Tutaj minka tez ma rację, zamiast walczyć z wiatrakami zrób wszystko by sama być zupełnie czystą i nie brać udziału w cierpieniu zwierząt.
Tytuł: Odp: Żywe breloczki [scalony]
Wiadomość wysłana przez: Lulka w 27.01.2014, 18:57:27 pm
Bestialstwo pozostaje jednak bestialstwem i żadna różnica kulturowa nie jest w stanie tego zmienić! Dlatego uważam, że sadyzmu względem zwierząt nic nie jest w stanie usprawiedliwić.
A Minka jest zakochana w kulturze japońskiej z tego co się orientuje więc co powie na to? Różnica kulturowa? Nonsens i absurd!

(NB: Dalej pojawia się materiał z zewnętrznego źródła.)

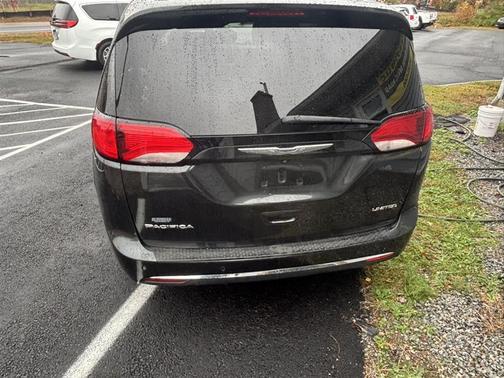 2019 Chrysler Pacifica Limited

http://pudelekx.pl/okrutna-tradycja-rzez-delfinow-w-japonii-uwaga-drastyczne-19929
Tytuł: Odp: Żywe breloczki [scalony]
Wiadomość wysłana przez: Antybristler w 27.01.2014, 20:35:22 pm
Szkoda gadać.
Tylko kto jest gorszy? Ludzie, którzy wymyślili takie breloczki, ludzie którzy to kupują czy ludzie, którzy pozwalają na takie rzeczy?